GasLog Partners is an owner, operator and acquirer of LNG carriers. Since our initial public offering (“IPO”) in May 2014, we have grown our fleet from three vessels at the time of our IPO to 14 today (including three vessels sold and leased back under a bareboat charter). Our capital allocation strategy is focused on balance sheet strength, deleveraging, reducing the all-in break-even rates in our fleet and repurchasing our Preference Units on an opportunistic basis in the open market. In addition, as part of our capital allocation priorities we have set leverage targets to monitor our performance.

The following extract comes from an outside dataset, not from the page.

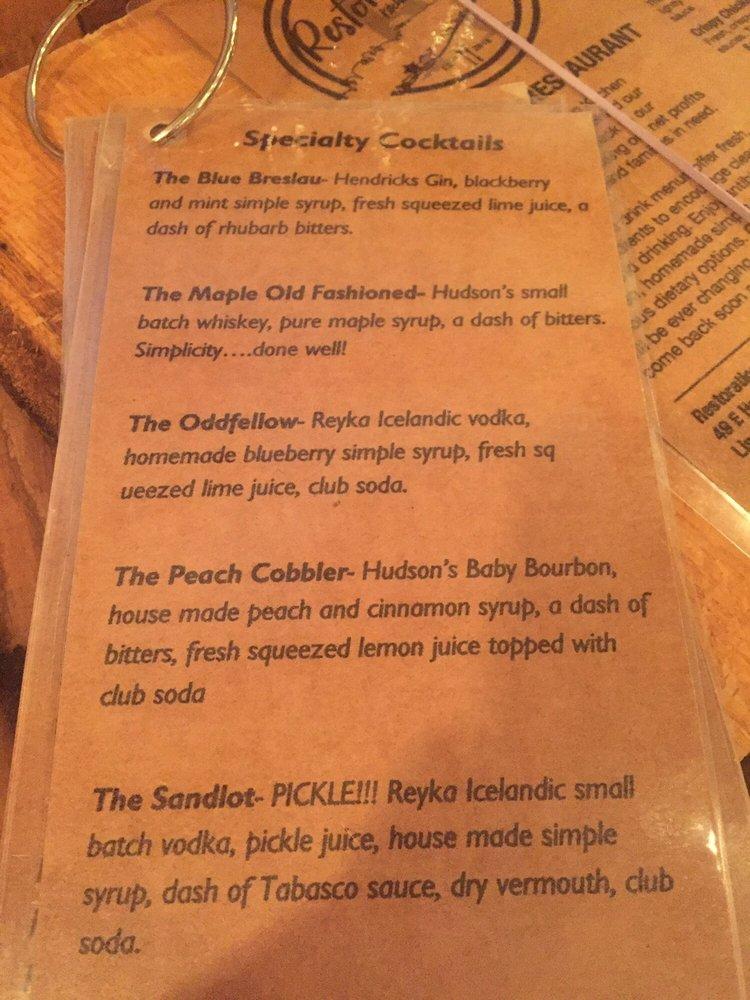 Menu at Restoration Kitchen & Cocktails pub & bar, Lindenhurst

While we have reduced our leverage in recent years, we have not yet achieved those targets and there can be no assurance that we will be able to continue to reduce leverage in order to meet those targets.

 

On April 6, 2023, the Partnership announced an Agreement and Plan of Merger pursuant to which GasLog will acquire the outstanding common units of the Partnership not beneficially owned by GasLog for overall consideration of $8.65 per common unit in cash, consisting in part of a special distribution by the Partnership of $3.28 per common unit in cash that will be distributed to the Partnership’s unitholders in connection with the closing of the Transaction and the remainder to be paid by GasLog as merger consideration at the closing of the Transaction. The Transaction is expected to close by the end of the third quarter of 2023, subject to approval of the Transaction by holders of a majority of the common units of the Partnership and the satisfaction of certain closing conditions.

 

As of March 31, 2023, our owned and bareboat fleet consisted of ten vessels with tri-fuel diesel electric (“TFDE”) propulsion and four steam turbine propulsion (“Steam”) vessels.

 

Our Fleet

 

Owned Fleet

 

LNG Carrier   Year Built   Cargo
Capacity
(cbm)
  Charterer (for
contracts of more
than six months)
  Propulsion   Charter
Expiration

(Firm Period)
  Optional Period  
1 Methane Rita Andrea   2006   145,000   Energy Major   Steam   October 2023    
2 Methane Alison Victoria   2007   145,000   CNTIC VPower (1)   Steam   October 2023   2024–2025 (1)  
3 GasLog Gibraltar   2016   174,000   Shell   TFDE    October 2023   2028–2031 (2)  
4 Solaris   2014   155,000   Energy Major   TFDE   October 2023    
5 GasLog Santiago   2013   155,000   Trafigura (3)   TFDE   December 2023   2028 (3)  
6 GasLog Seattle   2013   155,000   Energy Trading Company (4)   TFDE   March 2024    
7 Methane Jane Elizabeth   2006   145,000   Cheniere (5)   Steam   March 2024   2025 (5)  
8 GasLog Greece   2016   174,000   Shell   TFDE   March 2026   2031 (6)  
9 GasLog Glasgow   2016   174,000   Shell   TFDE   June 2026   2031 (6)  
10 GasLog Geneva   2016   174,000   Shell   TFDE    September 2028   2031 (7)  

 

2 

 

 

11 Methane Becki Anne   2010   170,000   Shell   TFDE   March 2029    

 

 

 

 

(1)The vessel is chartered to CNTIC VPower Energy Ltd. (“CNTIC VPower”), an independent Chinese energy company. The charterer may extend the term of the related charter by two additional periods of one year, provided that the charterer gives us advance notice of its exercise of any extension option. The period shown reflects the expiration of the minimum optional period and the maximum optional period.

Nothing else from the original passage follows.